Seen here: poplar top block; honduras rosewood ribs; paper rib tapes; spruce counter-cap.




This photo, and the one below, show the bowl with the false belly fitted inside. This piece of carefully-shaped 1/4" pressed board will preserve the body outline securely throughout the building process.

I've spot-glued in a few places along the side ribs to keep the false belly in place. I've used weak glue size, so that it won't be too difficult to remove the false belly when I eventually need to do so.


Here I'm marking the various depths of the 'belly scoop' on the edge rib. I will then plane this scoop evenly into the edge rib on both the bass and treble side.



I've planed in the belly scoop, and you can see how it creates a smooth curve from the bottom end, to the middle of the bowl, to the top end. 



I mark the position of the front edge of the bridge by transferring it from my working drawing. Then I stretch a length of  black thread across the body at that point, and tape it securely in place with masking tape.

I also determine the body's centreline, and tape a length of the same thread to the bottom end of the body. 
A close-up view of the crossroads.

The centreline thread is long enough that I can stretch it across the  marked centreline on the top block, and eventually use it to align the neck. 

A view from the bottom end.

After drilling pilot holes, I screw a pair of plexiglass blocks into the top block. These blocks are crucial in setting the neck at the proper angle, and keeping it from slipping forward during gluing (after the neck is shaped and veneered).

Now I can start working with the honduras mahogany neck blank.  The first step is to flatten the top surface, which I do with a low-angle block plane. (This neck blank is built up of three pieces, which were offcuts from a plank which also yielded a number of single-piece neck blanks. I glued the pieces together a number of years ago; this neck will be as stable as a single-piece neck, and will use perfectly good material that would otherwise have gone to waste.)

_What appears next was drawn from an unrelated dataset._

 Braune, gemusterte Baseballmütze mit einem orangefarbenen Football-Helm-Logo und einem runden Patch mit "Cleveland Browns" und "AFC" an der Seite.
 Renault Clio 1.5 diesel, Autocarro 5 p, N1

This is my method of determining the neck cut-off angle: I lay a straightedge from the bridge across the top block, and a sliding bevel on top of that. 

I adjust the bevel so that it matches the angle of the top block face.

A brief aside about what I'm doing here: the thread I've stretched across the body represents the position of the front of the bridge, according to the plan view; it also represents the elevation of the bridge, in relation to the edge of the bowl. Referring to my side-view working drawing, and making some careful calculations involving the height of the first string at the bridge, the thickness of the soundboard, the thickness of the fingerboard, and other factors, I can determine the angle of the top surface of the neck in relation to this string. What you see in the photo is my straightedge resting on a spacer block of a precise thickness, which I've chosen because it will allow the straightedge to rest an exact distance below the thread (which I've calculated.) 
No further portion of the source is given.